Comme souvent avec moi, on est donc dans le cas d’un bouquin qui brille autant par ses qualités que par ses relatifs défauts, ces derniers étant plus intéressants à décortiquer et expliquer pour moi que le reste. On a des personnages et des dynamiques intéressantes, de même que pas mal d’idées séduisantes et plutôt bien exploitées ; mais l’ombre portée des ellipses frustrantes et des choix questionnables noircit un peu trop le tableau pour pouvoir le considérer avec un enthousiasme sans borne. On est dans ce cas embêtant où je ne saurais exactement dire ce qui a fatalement coincé pour faire que mon bilan soit si mitigé, alors que ma lecture s’est extrêmement bien passée ; c’est plutôt l’accumulation de petites choses, de petits choix discutables, de petits renoncements à une certaine ambition, qui, je pense, a fait pencher la balance du mauvais côté.
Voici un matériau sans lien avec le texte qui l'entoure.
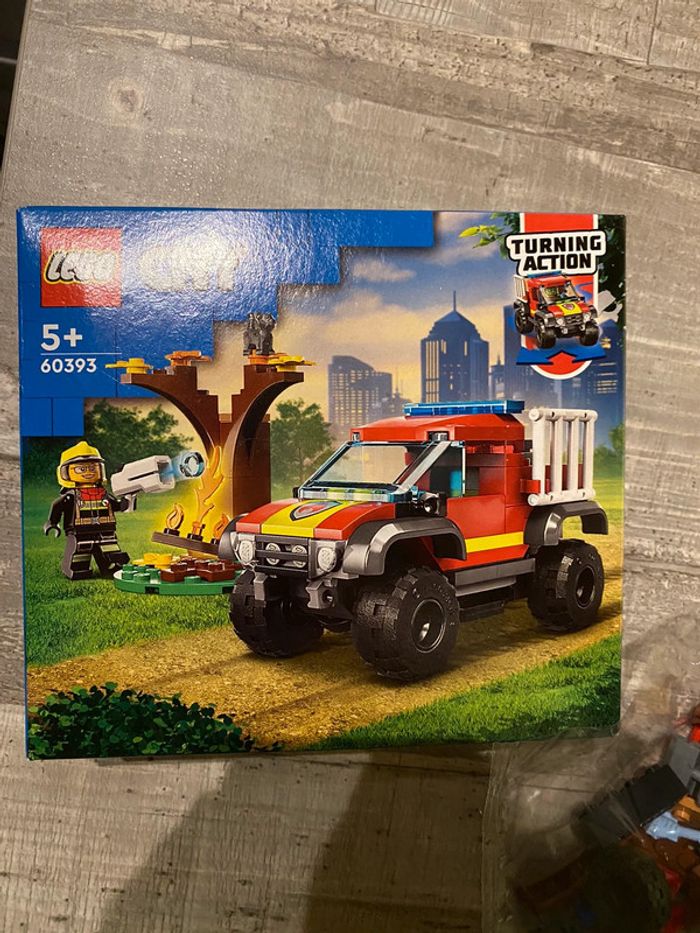Lego pompiers 60393 et 30585 neuf  lot - photo numéro 2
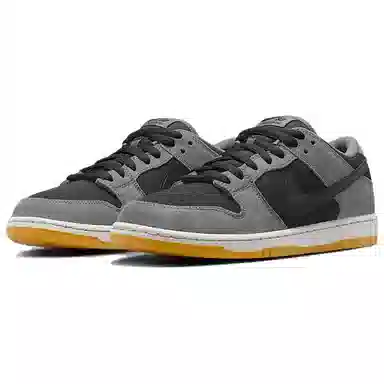 Nike SB Dunk Low "Dark Smoke Grey"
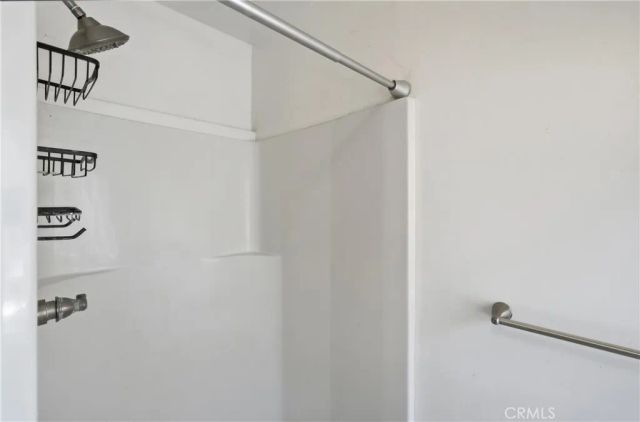 10962 Elm Avenue, Lynwood, CA 90262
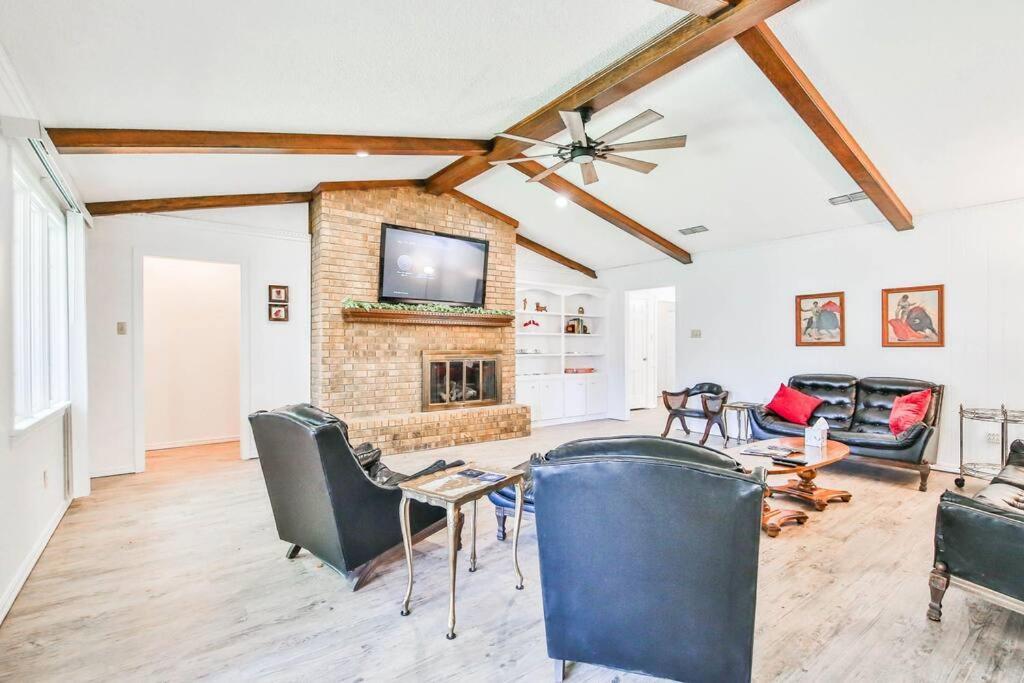 Hot Tub, Privacy, Sleeps 11 & Tons Of Space! Lubbock Bagian luar foto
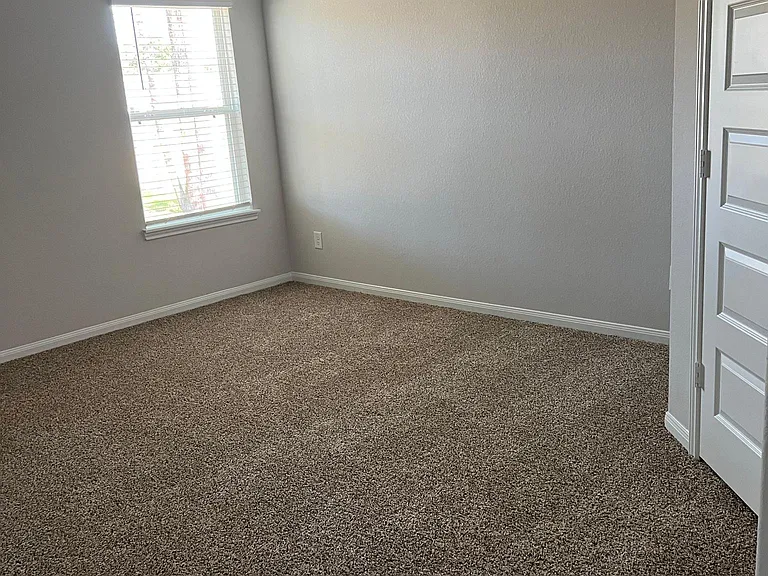 22010 King Heights Ln — Photo 8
Et encore, je dis « mauvais côté », uniquement dans le sens où il me paraît évident que cette Confrérie des Effraies avait la place pour faire bien mieux, avec seulement quelques ajustements. Il aurait peut-être fallu faire un choix plus définitif entre la trajectoire de son personnage principal ou l’influence de la Confrérie sur le destin de son pays, ou encore vers une troisième voie ; je ne sais pas. Mais je ne peux pas m’empêcher de penser que les réels sens de l’efficacité et de la planification d’Éric Amon, comme son appétence pour la réflexion politique, auraient pu trouver une encore meilleure manière de s’exprimer au travers de cette histoire.
Ouais. C’était bien, mais c’était pas si bien. J’aimerais en lire plus, avec peut-être quelques petits changements dans la perspective narrative ou les ambitions textuelles. Malgré mes pinaillages, il y a quand même un truc là-dedans qui m’attire, qui me plaît. J’aimerais sans doute savoir exactement ce que c’est, à terme.